Sweet wench[,] I loue thee, yet I wil not sue,
Or shew my loue as muskie Courtiers doe,
Ile not carouse a health to honor thee,
In this same bezling drunken curtesie:
and when als quafde, eate vp my bowsing glasse.
In glory that I am thy seruile asse.
Nor wil I weare a rotten burbon locke,
as some sworne pesant to a female smock.
wel featurde lasse, Thou knowest I loue the[e] deare[,]
Yet for thy sake I wil not bore mine eare. [,]
To hang thy durtie silken shoo[-]tires there.
nor for thy loue wil I once gnash a brick,
Or some pied collours in my bonnet stiche.
but by the chaps of hell to do thee good,
Ile freely spend my Thrise decocted bloud.

— 32. The Shakespeare Society, in 1846, printed the ballad, “Come, all you Farmers out of the Country,” &c. We may include it in our third volume.

— 39. Beat on, Proud billows. As far as we are aware, no claim to the authorship of this excellent Song was ever advanced by Colonel Richard Lovelace during his lifetime, or by his friends for him in later time. It neither appears among his Lucasta Poems, 1649, nor among the “Posthume Poems of Richard Lovelace, Esqre,” 1659. David Lloyd, in his “Memoires of those that suffered” in the cause of Charles I., 1668, certainly implies that the author of it was still living, with no other reward than “the conscience of having suffered.” Now, unless there were an earlier edition, ten years earlier than 1668, (against the existence of which are good reasons), this assertion by Lloyd disposes of the claim advanced by a learned and genial critic of Westminster Drolleries in the Athenæum of April 10th, 1875. Nor do we think the internal evidence strongly in favour of Lovelace. The parallelism indicated between his lines,

Minds innocent and quiet take
That for an Hermitage;

and the similar expression in “Beat on, proud billows,”

Locks, Bars, and Solitude together met,
Makes me no Pris’ner, but an Anchoret:

is such (in our humble opinion) as more resembles an imitation, in the latter, of an already famous poem (written certainly before 1649, and then published), than the self-repetition probable from a poet who had already so fixed his idea. Tradition assigns “Beat on, proud billows,” to Sir Roger L’Estrange; but we confess to doubting the correctness of the supposition. It seems to us, firstly, above his range; secondly, he was appointed to the lucrative office of Licenser (a hangman’s duty, too often), so early as 1665. How then can David Lloyd’s assertion of the author being unrewarded, &c., be held to apply to this already pampered official? It still remains in great part a question of dates: Lloyd wrote thus after the Restoration.
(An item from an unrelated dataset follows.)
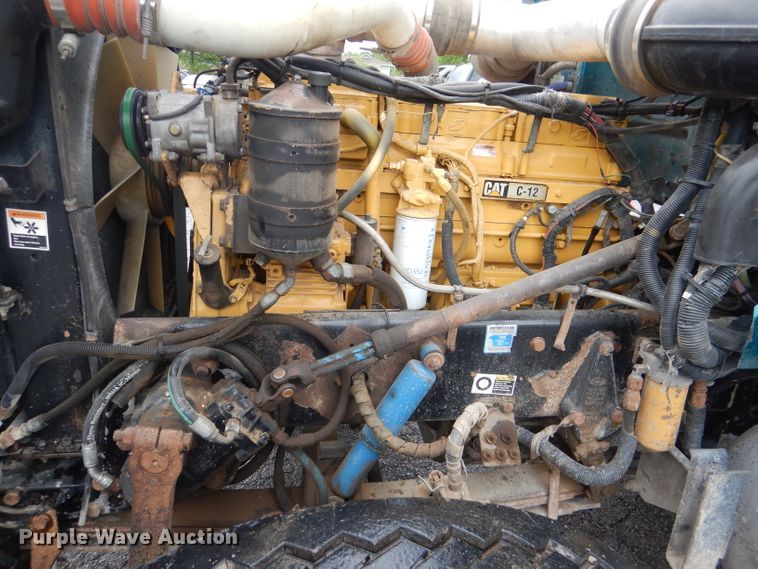 image for item DL8880 2001 Peterbilt 379  dump truck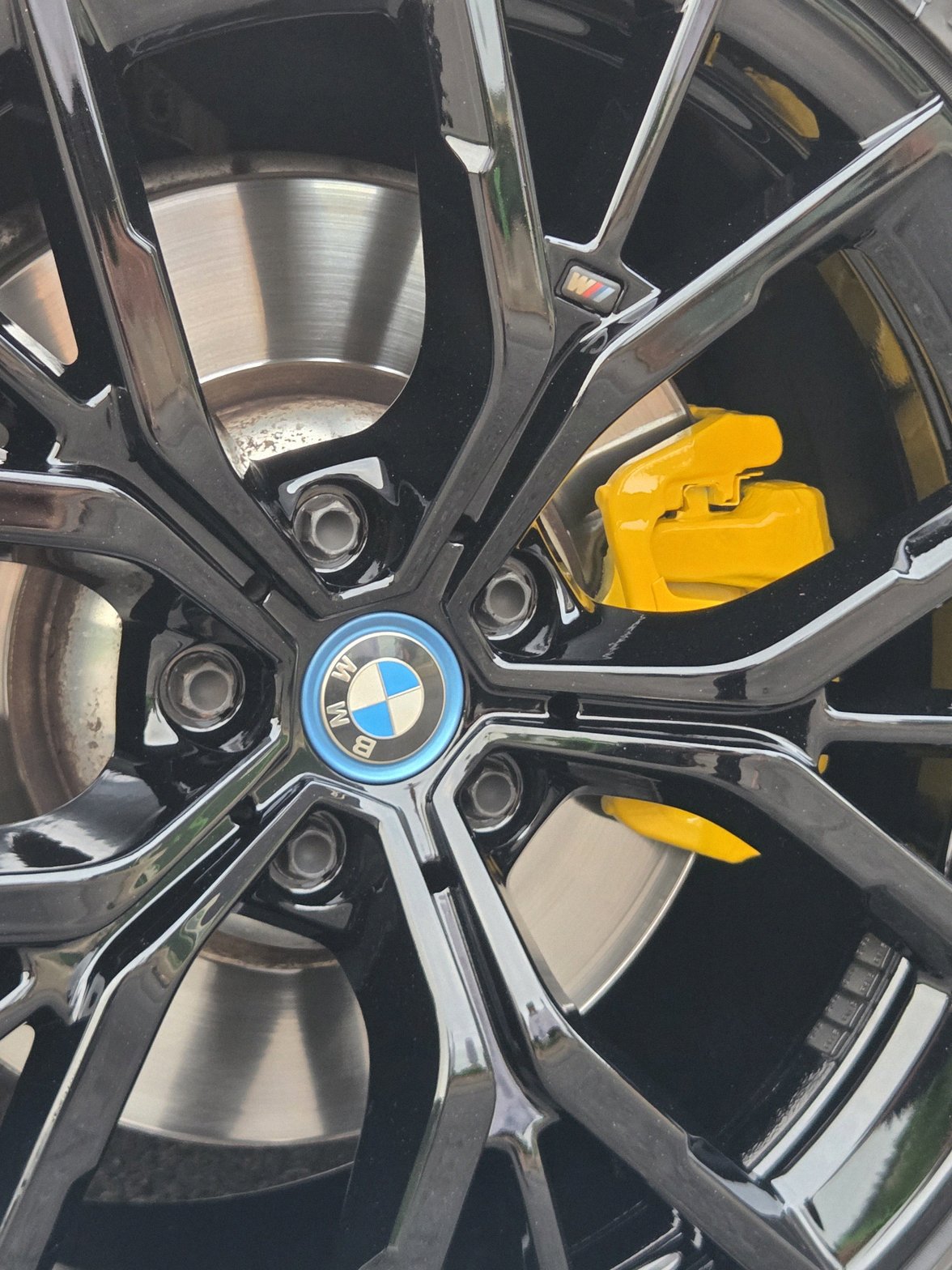 수원 bmw5시리즈g바디 휠복원도색 캘리퍼도색 블랙유광 옐로우캘리퍼 시공 15번 — 명품휠스토리 동탄오산점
— 42. As we went wandering. This is a variation of “When I do travel in the night,” Merry Drollery, Complete, p. 255 (p. 73, edit. 1661); see p. 393.

— 46. Note on Wm. Hicks. We find Samuel Pepys recording in his Diary, Sept. 25, 1663, “Pleased to see Captn. Hickes come to me with a list of all the officers of Deptford Yard, wherein he, being a high old Cavalier, do give me an account of every one of them to their reproach in all respects, and discovers many of their knaverys,” &c. An important bit, in its way, and not making much in favour of the adventurer.

— 55. Line 29. Delete "&," (W. D. being for Westm. Drollery,) and add this:—In J.P. Collier’s Extracts, Registers of Stationer’s Company, i. 230, we find under date 1569–70, a licence to Wyllm. Greffeth for printing a ballad entitled Taken Napping, as Mosse took his Meare. J. P. C. notes that the proverb is not yet forgotten, and is in the collection by John Heywood.

— 63. Line 33. Delete “It appears to be still older, as” and read “It is as early as 1632; and in,” &c.

— 68. The Ballad, on a similar theme, entitled “The Devonshire Damsels’ Frollick,” begins thus:—

Tom and William, with Ned and Ben,
In all they were about nine or ten,” &c.

See our next volume, and Rox. Col., iii. 137.

— 72. Bottom line but five, read John Crowne.

— 74. Line sixth. Read 1618, not 1614.

Introduction to W. D., p. 19, line 11, (note), read 1673: uncertainty about 1672. The frontispiece referred to on this page, and on p. 74 of Appendix, is now being engraved for our Readers. It gives a valuable record of a Stage-interior at the exact date of the Westminster Drolleries; or, more probably, immediately before the Restoration. J. W. E.